▶ **THE PROBLEM**
For the material below, return exactly the lines starting at the line containing "LC Waikiki Nevavm" and ending at the line containing "Bota marrón impermeable", both ends included, and no others.
::::::
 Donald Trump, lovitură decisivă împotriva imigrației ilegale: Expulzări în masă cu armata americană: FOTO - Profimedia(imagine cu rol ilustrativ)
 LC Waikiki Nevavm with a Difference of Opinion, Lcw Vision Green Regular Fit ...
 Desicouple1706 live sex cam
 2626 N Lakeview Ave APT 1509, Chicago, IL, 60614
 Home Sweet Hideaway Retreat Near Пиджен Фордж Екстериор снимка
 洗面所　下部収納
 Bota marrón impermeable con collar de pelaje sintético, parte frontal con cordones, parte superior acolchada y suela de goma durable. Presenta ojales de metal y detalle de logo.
::::::
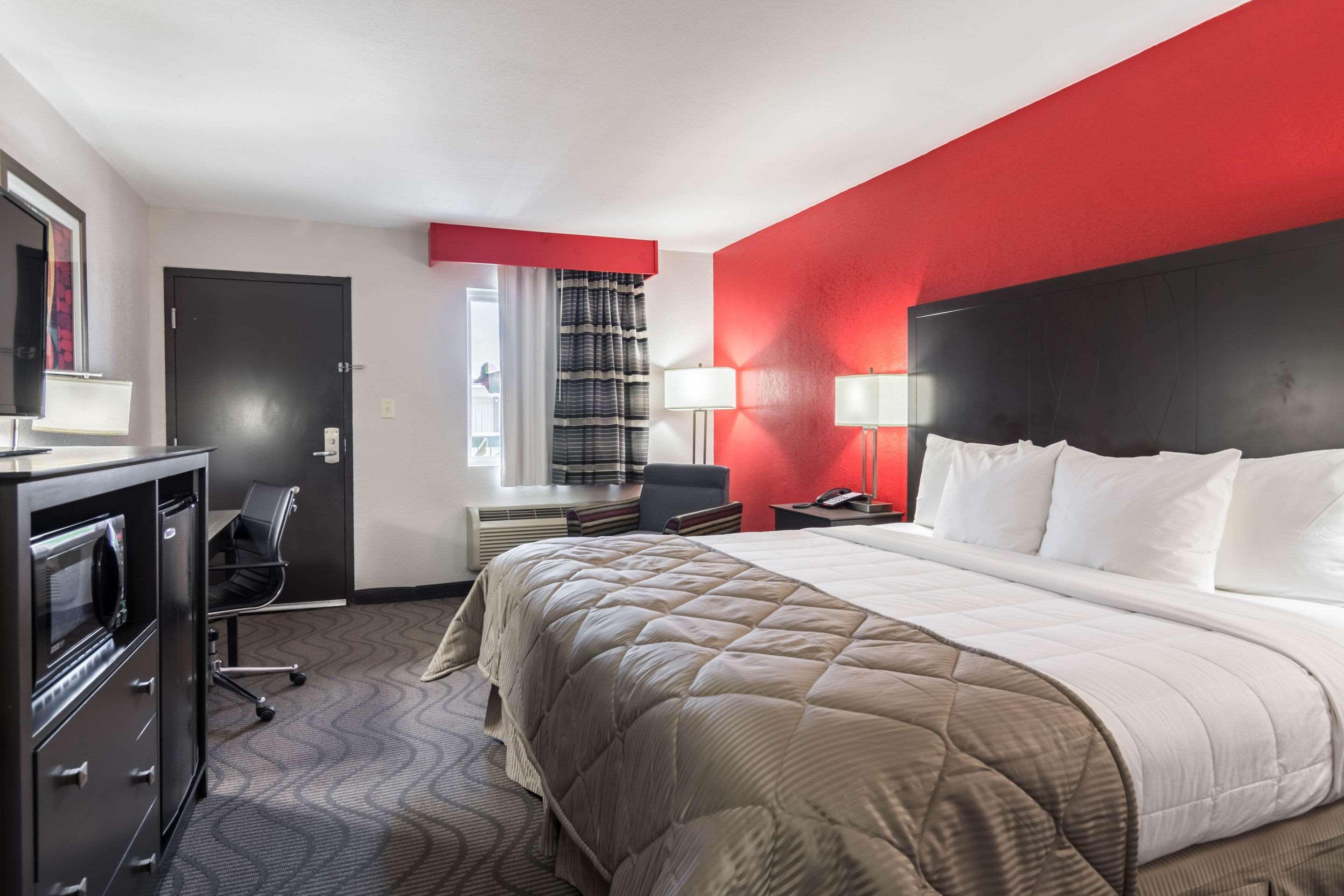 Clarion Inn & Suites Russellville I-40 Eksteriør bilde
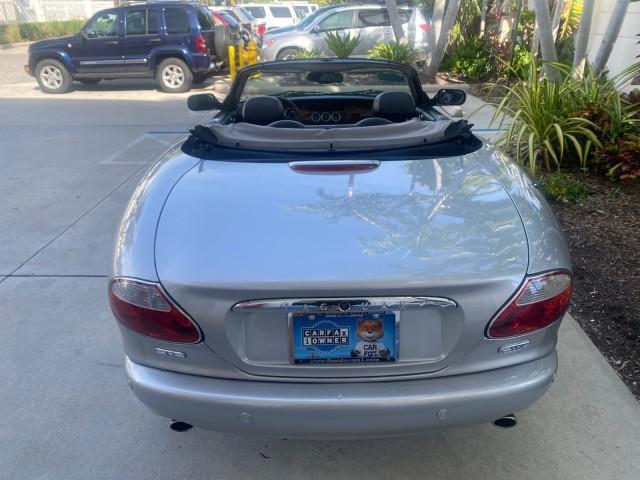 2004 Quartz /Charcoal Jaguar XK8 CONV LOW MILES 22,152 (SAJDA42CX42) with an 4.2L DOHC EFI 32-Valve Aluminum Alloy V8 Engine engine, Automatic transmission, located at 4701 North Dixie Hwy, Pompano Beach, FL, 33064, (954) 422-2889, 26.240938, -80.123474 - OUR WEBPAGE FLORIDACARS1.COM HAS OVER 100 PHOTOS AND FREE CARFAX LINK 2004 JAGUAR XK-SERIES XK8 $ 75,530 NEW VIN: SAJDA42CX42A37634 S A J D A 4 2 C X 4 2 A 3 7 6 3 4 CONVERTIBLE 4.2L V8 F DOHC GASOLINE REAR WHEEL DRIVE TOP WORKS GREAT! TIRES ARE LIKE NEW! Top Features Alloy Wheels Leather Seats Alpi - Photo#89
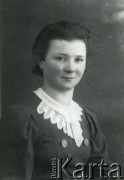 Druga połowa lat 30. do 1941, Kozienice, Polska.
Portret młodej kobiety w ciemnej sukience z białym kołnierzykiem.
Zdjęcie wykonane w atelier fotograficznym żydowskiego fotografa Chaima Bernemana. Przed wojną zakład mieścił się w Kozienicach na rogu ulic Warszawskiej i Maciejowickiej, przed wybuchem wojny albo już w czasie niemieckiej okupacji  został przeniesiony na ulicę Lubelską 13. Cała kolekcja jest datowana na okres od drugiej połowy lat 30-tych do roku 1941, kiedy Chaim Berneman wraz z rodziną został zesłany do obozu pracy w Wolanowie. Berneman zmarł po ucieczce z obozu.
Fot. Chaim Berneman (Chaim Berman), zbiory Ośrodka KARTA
::::::
▶ **EXERCISE SOLUTION**
 LC Waikiki Nevavm with a Difference of Opinion, Lcw Vision Green Regular Fit ...
 Desicouple1706 live sex cam
 2626 N Lakeview Ave APT 1509, Chicago, IL, 60614
 Home Sweet Hideaway Retreat Near Пиджен Фордж Екстериор снимка
 洗面所　下部収納
 Bota marrón impermeable con collar de pelaje sintético, parte frontal con cordones, parte superior acolchada y suela de goma durable. Presenta ojales de metal y detalle de logo.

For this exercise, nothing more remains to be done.